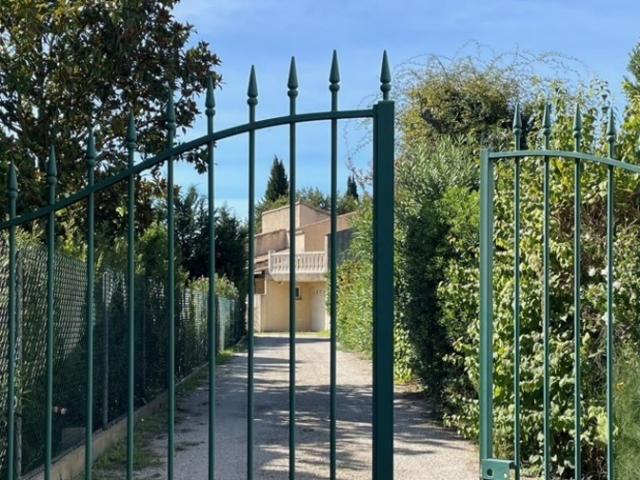 Maison vente à Aix-en-Provence, Eyguières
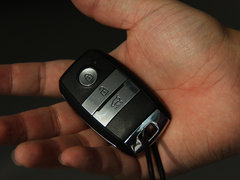 2013款 2.4L 自动 豪华版 5座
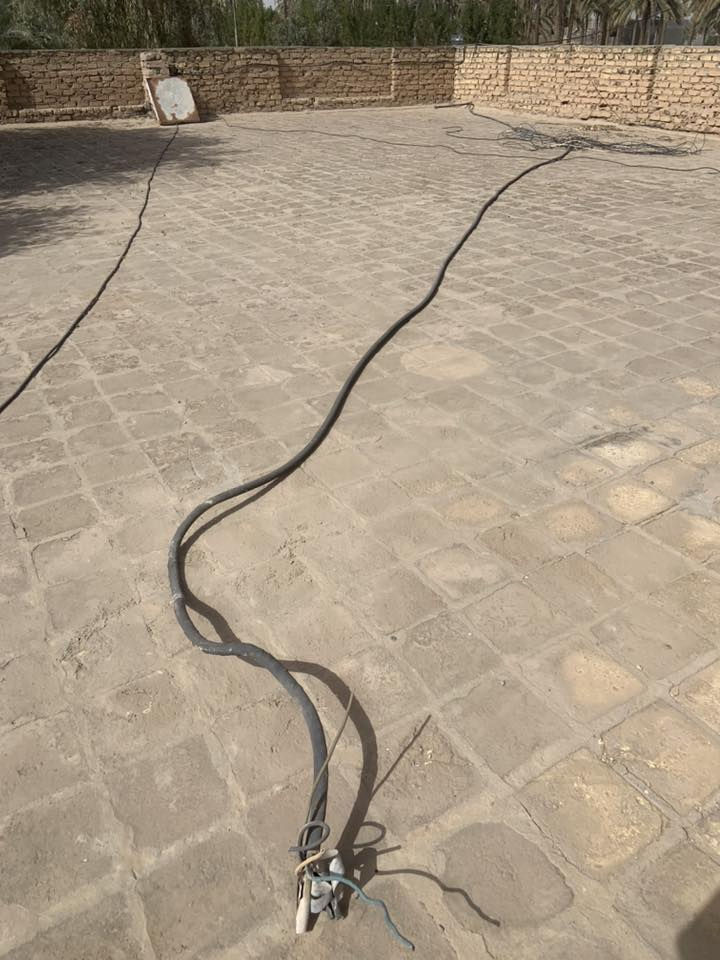 سلام عليكم 
كيبل للبيع ٤ خطوط طول ١٩ متر 
تريد كهرباء شغال او اسوي كلوات اني ابيع هل موجود 
مكاني الحله مقابل الاثار 
اتصال ***********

Task item.
Reproduce the material in its entirety and word for word, without the pictures.

Task solution.
 Maison vente à Aix-en-Provence, Eyguières
 2013款 2.4L 自动 豪华版 5座
 سلام عليكم 
كيبل للبيع ٤ خطوط طول ١٩ متر 
تريد كهرباء شغال او اسوي كلوات اني ابيع هل موجود 
مكاني الحله مقابل الاثار 
اتصال ***********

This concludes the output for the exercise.